Samat studied Rural Agriculture at the University of Pannasastra and graduated in 2011.
He found it difficult to get a job when he graduated as perspective employers said he lacked experience.
Samet was attracted to Youth Star because of its unique vision and mission and he thought it might provide an opportunity to improve his life and help him gain valuable skills in order to enable him to have a better chance of getting a good job in the future.
Samet wanted to go to a rural community to learn from the local people and also share his knowledge and experience with them. He really wanted to help the children in the community with their schooling.
It was hard at first as he felt isolated when he arrived there, he didn’t know anyone and didn’t get much support initially from the community. Due to his disability some community members felt he wouldn’t be able to effectively carry out his assignment.
Samet refused to quit, and remembered what he learned from his Youth Star pre-departure training and proactively started to address the problem himself.
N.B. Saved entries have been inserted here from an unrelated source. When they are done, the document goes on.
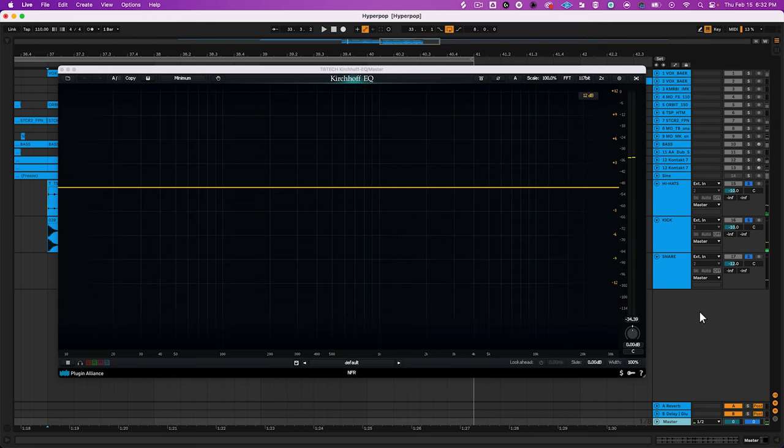Each instrument, a part of the drum kit, lives within its own frequency range. When I solo each kit piece, you can see and hear this.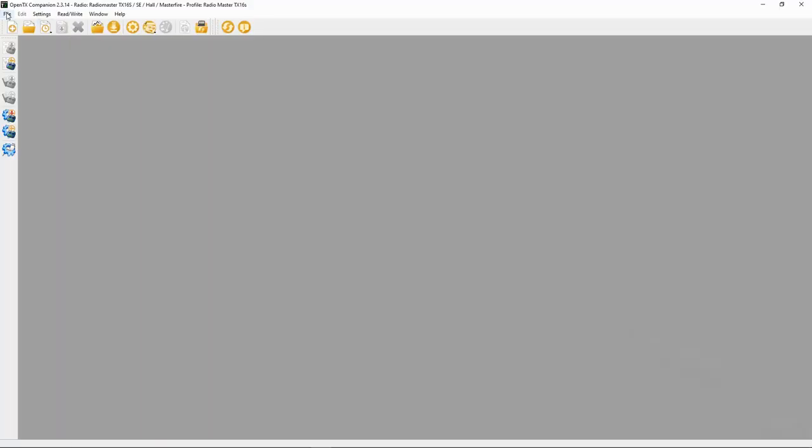Let's switch over to OpenTX Companion. I've already opened it up. You need to make sure you're on the right radio. Now I have several radios, so I have to make sure that it's in the correct one, and it's the TX16S.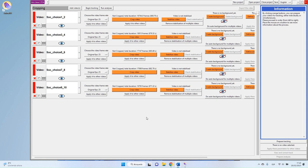Hello everyone and welcome to this third video of Animal Task Tutorials. Today we will see how to prepare the videos for tracking. As a quick reminder, in the two previous videos we saw how to install the program and how to create a project and manage the videos inside that project. If you missed those two videos, I invite you to check them in this playlist before this one.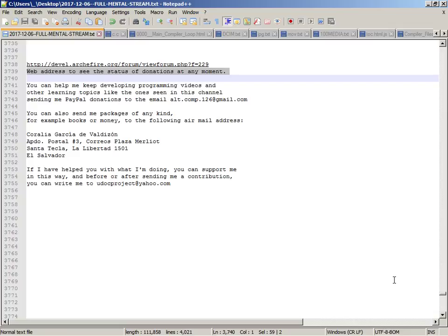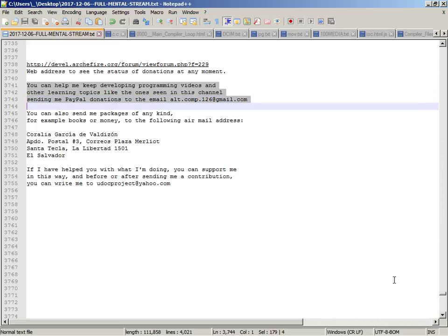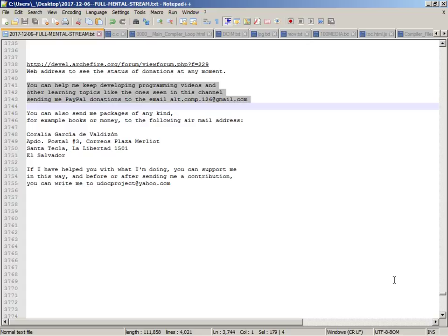Click the web address to see the status of donations at any moment. You can help me keep developing programming videos and other learning topics like the ones seen in this channel by sending me PayPal donations to the email alt.com.126 at gmail.com.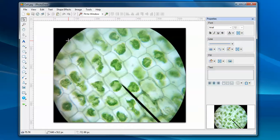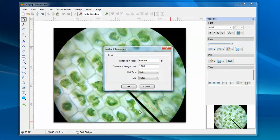I click the mouse on the image for the first point, drag a line, and click the mouse for the second point. This dialog tells you the distance between these two points measured in pixels, and what you need to do is to tell the system the distance between these two points measured in spatial units.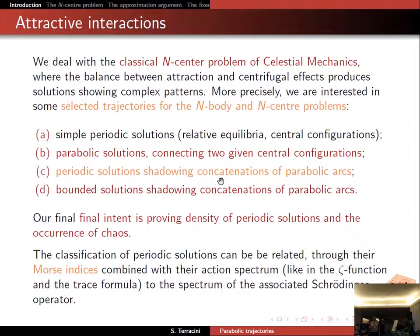The simplest solutions are relative equilibria and central configurations. I will focus on parabolic solutions that connect two given central configurations. Central configurations are the configurations of the simplest possible periodic solutions — the relative equilibria. I will then try to use these parabolic solutions to build periodic solutions shadowing concatenations of parabolic arcs, as well as non-periodic solutions, culminating in statements about the density of ergodic solutions and the occurrence of chaos.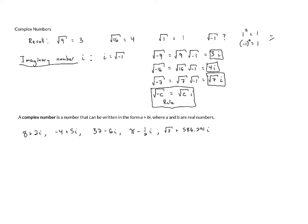All of these have a real part, 8, negative 4, 37, pi, root 3, a real number in the front, and then an imaginary part, 2i, 5i, negative 6i, negative one-half i, 586.291i. And so these are complex numbers.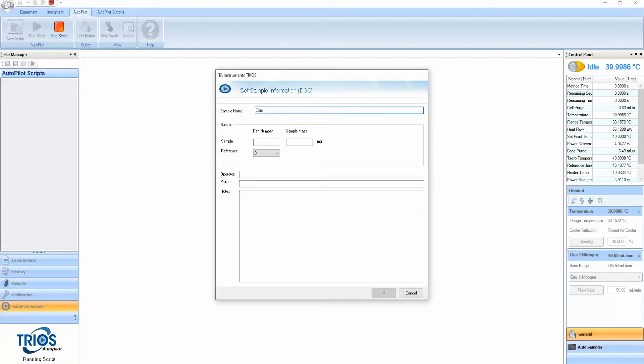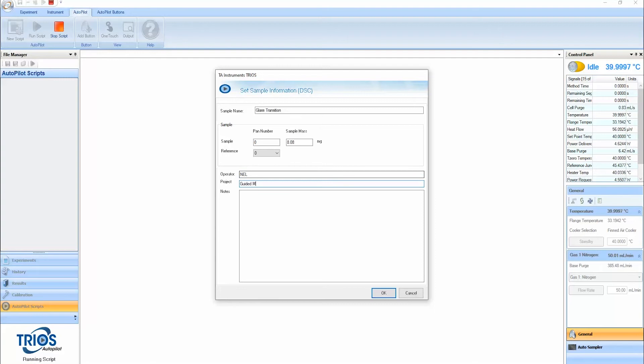Trios Guided Methods also provides an experiment template with reasonable defaults, but still allows you to customize parameters to your testing needs.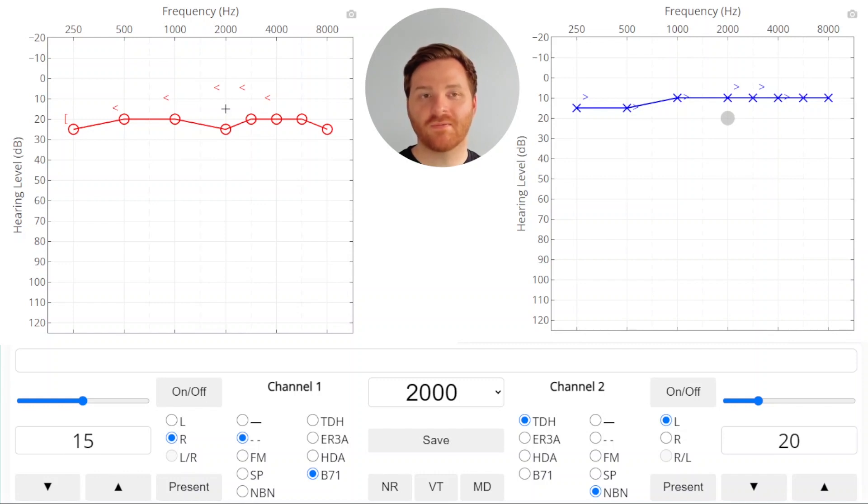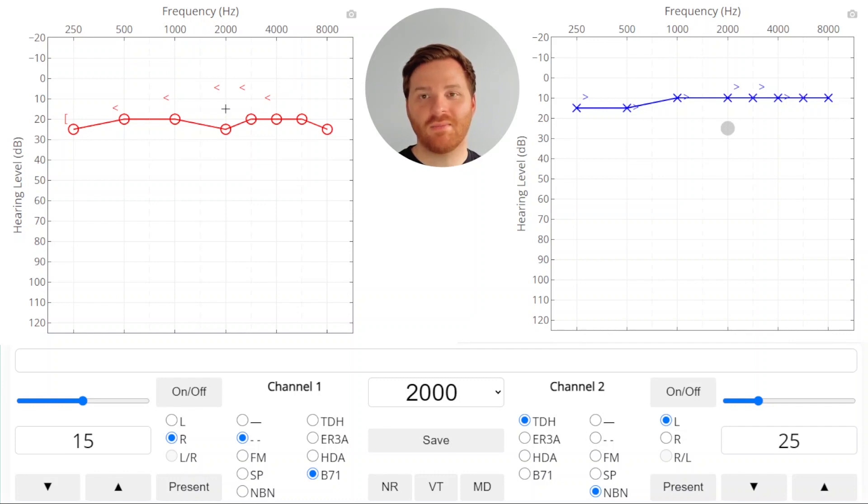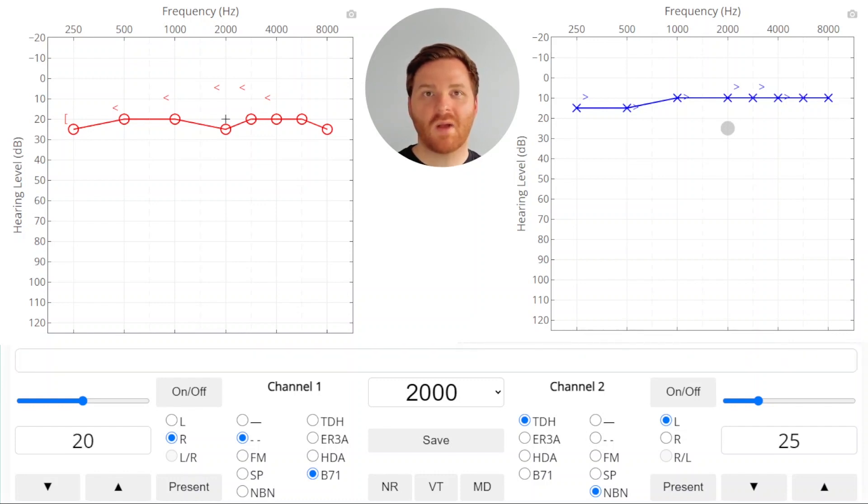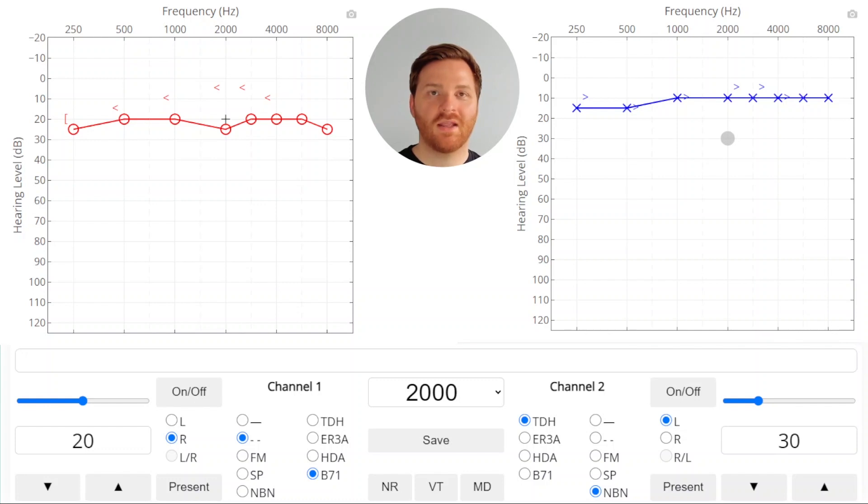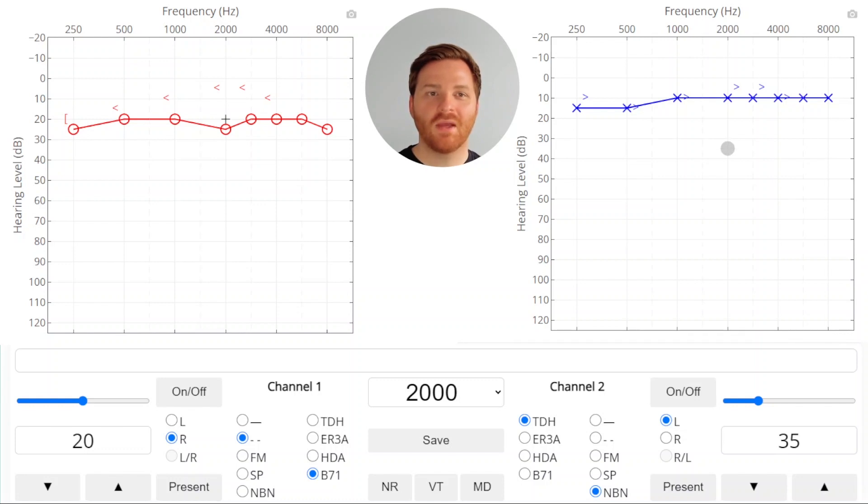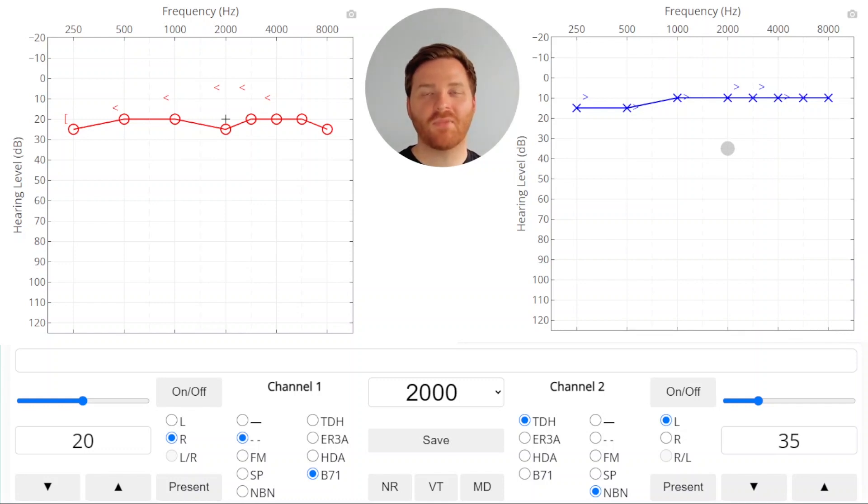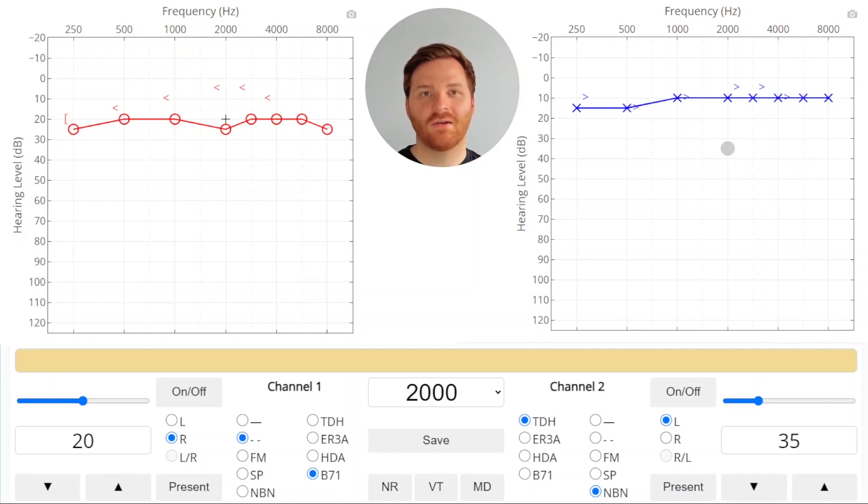So I'll raise the masker and present, and there's no response. So we're going to raise the stimulus, and we got a response. So we raise the masker to make sure that we're covering up any additional crossover. And this time we raised the masker and we still got a response. To make sure, we're going to raise it one more time. So now we're fairly confident that we're covering up the non-test ear with an air conduction masker. We present, we get another response, so we're going to save that as our true threshold.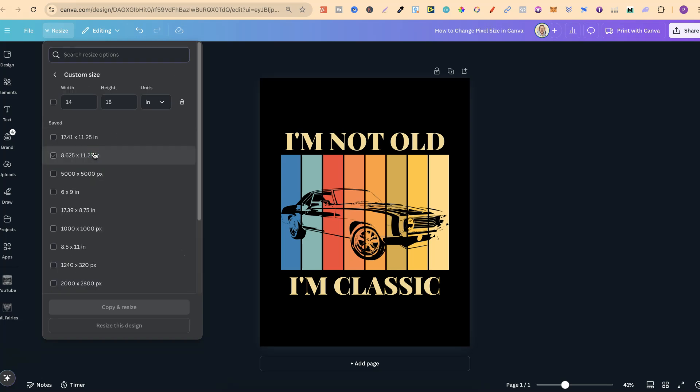If we click on there, this is where we can adjust and change the pixel size. So for this example, it's already 14 by 18 inches.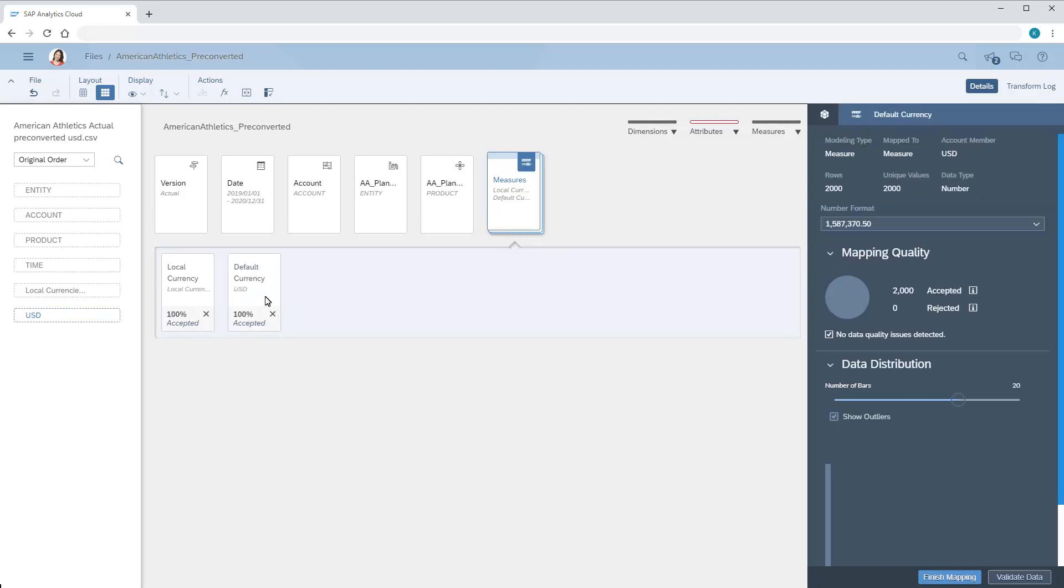Keep in mind that we can import to both members from a single data source, as we're doing here, or from separate sources if we want.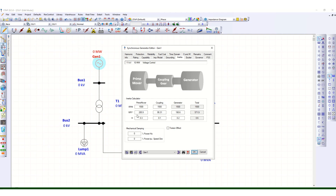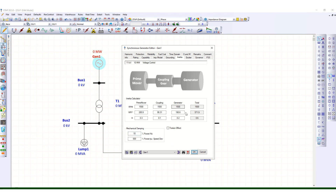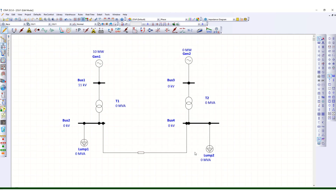The inertia WR-squared is already calculated automatically. One important thing — you have to mention the damping factor to run the transient stability study. Suppose damping factor here we will mention is 10. This is 11 kV generation.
First he visited each home in the community, undertook a census and mapped out issues in the community. Then he created a youth club and now youth club members are active participants in the “Good Man Campaign”. This campaign aims to change male attitudes, though teaching non-violent communication, towards women and aims to ensure everyone knows domestic violence is a crime.
Before Samet became a volunteer he never expected it would be so hard to work in a community! He was challenged to realize his commitment to in tangible terms and now he is very happy and really enjoys teaching the young children in the community.
Samet feels he has become a lot more confident in his abilities and he sees a big change in community’s attitudes, especially the children who tested him a lot and didn’t take education seriously at first. He is proud of himself for fighting for education and improving his life and the life chances of poorer children. When he finishes his assignment in July 2013 he wants to set up his own Centre of Education for All (CEFA).
“I have noticed a big change, the local authorities have changed their attitudes towards me and I get respect from all these people. In working for the Good Men Project: I feel part of the leadership in the community now, and people are proud of me for this. Now the commune recognises me as a good educator, making achievements.
I’m very proud to be volunteer, I have encouraged children to be volunteers in the community, and this ideology has spread to the youth clubs as well”.